The medium sized sphere, of radius one, is I think the most interesting of the plots. You can see the how the shrinking actually makes many of the points substantially closer to the point $(1, 1, 1)^T$, and you can also see how some of the points have been "overshrunk" past zero--it is because of this effect that the James-Stein estimator is itself not admissible; truncating the multiplicative factor at zero leads to a uniformly better estimator. The three dimensional multivariate normal distribution with identity covariance matrix is this close or closer to its mean 19.9% of the time.
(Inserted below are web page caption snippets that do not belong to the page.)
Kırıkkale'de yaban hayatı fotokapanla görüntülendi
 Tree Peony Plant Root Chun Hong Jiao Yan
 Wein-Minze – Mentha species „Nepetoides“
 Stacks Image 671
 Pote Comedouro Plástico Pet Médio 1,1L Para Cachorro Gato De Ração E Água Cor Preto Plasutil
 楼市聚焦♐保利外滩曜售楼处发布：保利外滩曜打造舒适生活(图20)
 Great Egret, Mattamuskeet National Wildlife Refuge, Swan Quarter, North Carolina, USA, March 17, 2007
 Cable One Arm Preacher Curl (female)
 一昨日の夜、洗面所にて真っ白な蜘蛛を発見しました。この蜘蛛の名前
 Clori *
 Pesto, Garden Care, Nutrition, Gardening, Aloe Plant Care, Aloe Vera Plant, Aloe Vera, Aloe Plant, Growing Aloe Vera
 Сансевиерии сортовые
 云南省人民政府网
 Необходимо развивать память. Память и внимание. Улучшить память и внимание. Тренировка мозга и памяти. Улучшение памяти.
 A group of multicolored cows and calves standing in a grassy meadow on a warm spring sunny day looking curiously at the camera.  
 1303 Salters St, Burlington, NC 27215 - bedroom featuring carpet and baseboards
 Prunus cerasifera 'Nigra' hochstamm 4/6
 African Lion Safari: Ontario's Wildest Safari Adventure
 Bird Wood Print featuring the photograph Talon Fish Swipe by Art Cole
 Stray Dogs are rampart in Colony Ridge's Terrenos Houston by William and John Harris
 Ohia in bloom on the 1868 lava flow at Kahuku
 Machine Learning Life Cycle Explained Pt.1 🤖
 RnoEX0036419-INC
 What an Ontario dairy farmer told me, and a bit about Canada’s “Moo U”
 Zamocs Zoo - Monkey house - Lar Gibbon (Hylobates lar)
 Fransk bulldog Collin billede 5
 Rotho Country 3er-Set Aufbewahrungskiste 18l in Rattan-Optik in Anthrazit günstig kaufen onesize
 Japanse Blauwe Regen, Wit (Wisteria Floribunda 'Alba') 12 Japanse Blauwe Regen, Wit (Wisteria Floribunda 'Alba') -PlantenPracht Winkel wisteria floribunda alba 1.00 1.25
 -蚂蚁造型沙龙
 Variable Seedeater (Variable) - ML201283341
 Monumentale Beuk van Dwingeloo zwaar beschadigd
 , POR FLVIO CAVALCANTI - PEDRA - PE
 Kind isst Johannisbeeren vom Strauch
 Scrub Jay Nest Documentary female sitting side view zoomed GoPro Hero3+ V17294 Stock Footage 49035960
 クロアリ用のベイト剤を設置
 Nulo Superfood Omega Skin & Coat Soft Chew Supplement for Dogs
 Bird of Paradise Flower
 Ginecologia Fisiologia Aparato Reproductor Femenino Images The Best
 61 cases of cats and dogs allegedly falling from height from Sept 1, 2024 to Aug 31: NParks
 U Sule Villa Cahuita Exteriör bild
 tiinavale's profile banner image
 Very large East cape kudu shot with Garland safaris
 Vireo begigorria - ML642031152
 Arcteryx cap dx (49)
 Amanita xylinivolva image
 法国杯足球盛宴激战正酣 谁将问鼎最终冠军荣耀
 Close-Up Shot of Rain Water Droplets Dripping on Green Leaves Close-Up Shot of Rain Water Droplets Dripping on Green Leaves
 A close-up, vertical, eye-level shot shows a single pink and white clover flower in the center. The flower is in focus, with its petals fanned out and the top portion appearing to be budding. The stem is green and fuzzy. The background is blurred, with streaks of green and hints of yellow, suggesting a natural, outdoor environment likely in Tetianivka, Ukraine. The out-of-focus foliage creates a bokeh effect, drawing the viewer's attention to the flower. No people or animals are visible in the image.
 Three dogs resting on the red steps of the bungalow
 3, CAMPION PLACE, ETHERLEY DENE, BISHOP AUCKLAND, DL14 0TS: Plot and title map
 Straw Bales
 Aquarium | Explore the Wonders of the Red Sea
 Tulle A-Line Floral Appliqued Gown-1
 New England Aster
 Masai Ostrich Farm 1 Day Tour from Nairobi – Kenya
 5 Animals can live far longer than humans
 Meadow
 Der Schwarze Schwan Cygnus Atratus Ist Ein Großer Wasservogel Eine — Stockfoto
The largest sphere, of radius two, contains the origin. Although it appears from the plot that the James-Stein estimator simply transforms this sphere into a smaller sphere inside of it, this simple story is not actually true: For example, the point $(-0.155 -0.155, -0.155)^T$, the closest point on the sphere to the origin, gets overshrunk way past the origin to the point $(2, 2, 2)^T$. This is why the transformed sphere has a few lines criss-crossing every which way, while the origin sphere has nice straight latitude and longitude lines. The three dimensional multivariate normal distribution with identity covariance matrix is this close or closer to its mean 73.9% of the time.
Thinking about the geometric picture, I think, really helps us to see why we stand to gain by shrinking: Consider a sphere somewhere which does not contain the origin. If we could shrink any point as much as we wanted, (not necessarily with James-Stein), which of the points on that sphere could we actually make closer to their center? The answer is that more than half of the sphere would get improved this way, regardless of how far away the sphere is from the origin. This is a bit of a pain to plot in three dimensions, but here's the two dimensional version: I break up the following circles into two parts: Everything within the dotted lines does worse when you shrink it towards the origin, and everything outside the dotted lines can do better if you shrink it towards the origin somewhat.
No matter how far away a sphere is from the origin, more than half of its points always have the potential to improve from shrinking. An interesting thing to notice, however, is that in the James-Stein estimator, the points you'd like to shrink the most, namely, the ones on the farther side of the circle from the origin, end up getting shrunk the least, while the points you want to shrink little or not at all end up getting shrunk the most because they are on the nearer side of the circle from the origin. This is because, for a point $X$, the James-Stein estimator moves that point by a distance proportional to $1 / \|X\|$.
The James-Stein estimator really is a magnificent idea. Although it is initially very counterintuitive, we can gain some insights into why it works by visualizing its geometry.